I really, really like Tivo and all it has to offer, especially that I can connect to my computer network and see my photos, listen to my music, plus all the other goodies they now offer. 

I really don't like that I need a Tivo box AND a cable box. It's just one more piece of equipment that I need to stack up on top of my TV along with the DVD player, receiver, VCR, etc. It would be great to have in all in one unit, like the cable company offers. 

I would get DirectTV in a flash if they offered a fully functional Tivo, but they don't.

As it is right now, I need to lease my cable companies HD box, then (when it comes out) buy a Tivo HD. It is just getting too expensive. I feel that I will have to just get the cable company HD DVR and live without Tivo, very unfortunate, but true.

Wouldn't it be great to have one box that is a fully functional Tivo and a cable (or satellite) box and DVD player, and what the heck, a DVD recorder too!

I hope Santa gets my letter.


----------



## JustMaz (Jul 6, 2006)

Unfortunately, it's not up to Tivo whether cable or satellite companies put Tivo in their DVR's.


----------



## dirtypacman (Feb 3, 2004)

Comcast and Tivo are working together to put Tivo software on Comcast DVR's.

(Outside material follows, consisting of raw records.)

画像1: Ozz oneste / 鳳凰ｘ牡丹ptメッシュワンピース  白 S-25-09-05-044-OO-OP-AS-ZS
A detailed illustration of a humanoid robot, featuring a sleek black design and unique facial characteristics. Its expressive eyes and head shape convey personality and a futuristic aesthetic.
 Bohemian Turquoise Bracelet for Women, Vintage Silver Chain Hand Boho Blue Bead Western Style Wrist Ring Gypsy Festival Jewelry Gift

The Pioneer 810H and Toshiba RS-TX20 DVD-burner models I have come about as close to an all in one system that has Tivo software on them.


----------



## classicsat (Feb 18, 2004)

You will never find one box that has a DVD recorder and digital source recorder together, at least of useful function, the studios and sports leagues won't have it

The Series 3 will be one box, although without DVD, for now.


----------



## megazone (Mar 3, 2002)

We'll see DVRs with HD-DVD or Blu-ray in them - either by the end of the year, or definitely in 2007. No question about it. There may be restrictions on what they are allowed to burn to disc, however. Now, if TiVo is one of those, who knows - certainly no this year.

The Series3 will be the closest 'all-in-one'. With CableCARD it will tune analog and digital cable, as well and NTSC and ATSC from antenna. No cable box needed.

Today you don't need a cable box unless you have digital cable - the S2 and S2DT handle analog cable natively.

And later this year Comcast will be rolling out TiVo software to their Motorola DVR platform, but it remains to be seen which features are supported.


----------